When Miller invited Horowitz to speak at his high school, the goateed older man had recently been defending young conservatives in several cases against allegations of racism, sexism and homophobia. For example, a university fraternity had been suspended for posting racist flyers at Cal State Northridge. Horowitz says he thought the protests were “overwrought.” He helped connect the fraternity with an experienced San Diego attorney. In the spring of 1993, the fraternity was reinstated amid threats of a lawsuit by its attorney, alleging free speech violations.

Days before Horowitz’s scheduled visit to Miller’s high school, administrators canceled, giving vague excuses about why. Miller complained as a guest on The Larry Elder Show. The administrators relented, and Horowitz was allowed to speak. Horowitz told students, “There is no exodus of people fleeing America because it is oppressive or racist. That tells you that people who argue that it is are selling you a bill of goods.”

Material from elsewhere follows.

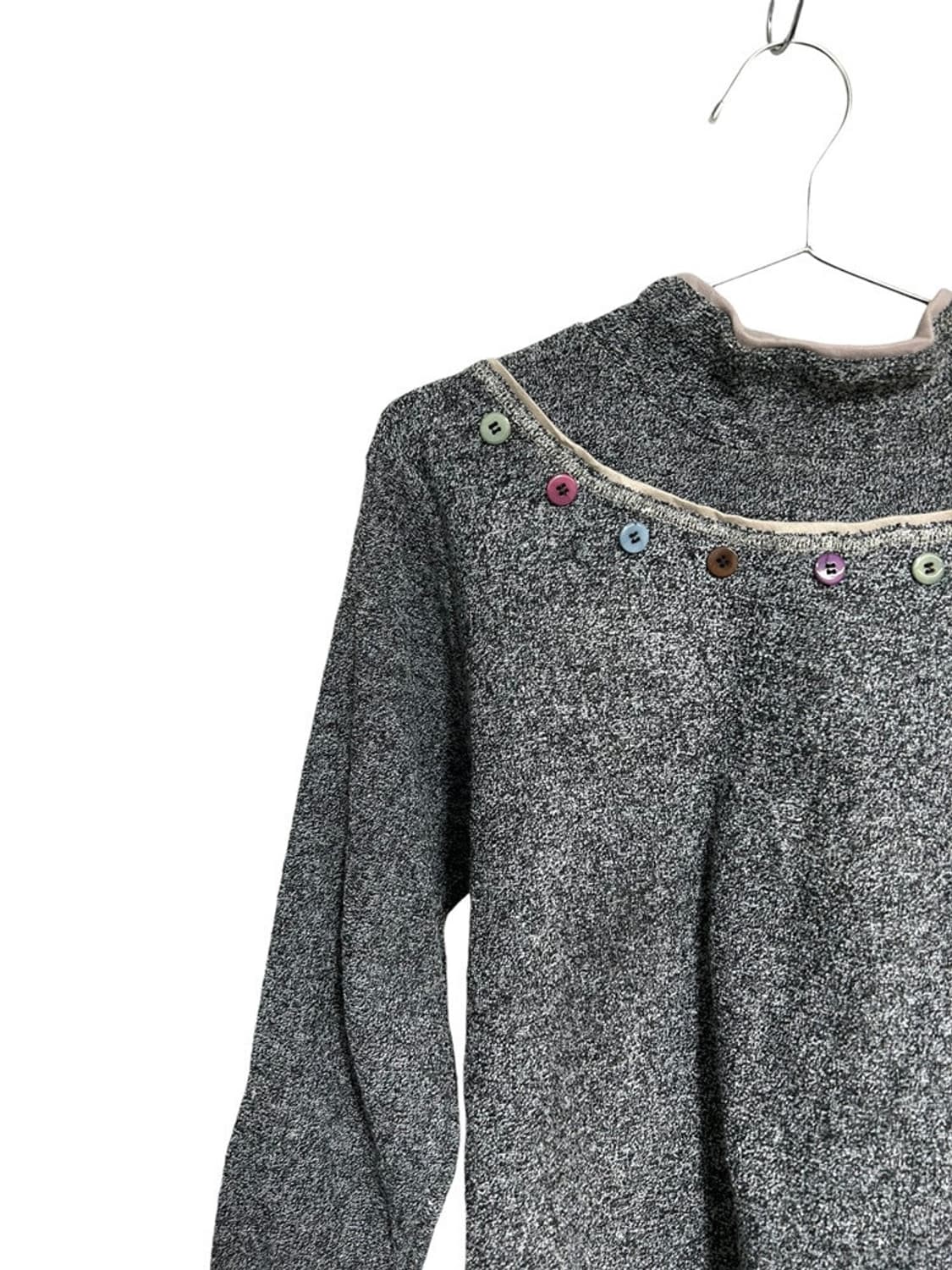 vtg top 상품이미지2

Horowitz spoke to me in a raspy voice that dripped a kind of fatherly exhaustion. He recalled worrying that the teenager would not get admitted into a top-tier university; perhaps he wouldn’t get recommendation letters from teachers.

Horowitz let Miller publish a self-promotional article on his website: “How I Changed My Left-Wing High School.” Miller recapped his successes at influencing school administrators, such as with the Pledge of Allegiance. He wrote, “In the 1970s, students started a political revolution on campus. Now is the time for a counter-revolution—one characterized by a devotion to this nation and its ideals. David Horowitz will soon launch ‘Students for Academic Freedom,’ an organization dedicated to just these principals . Acting together, we can succeed.”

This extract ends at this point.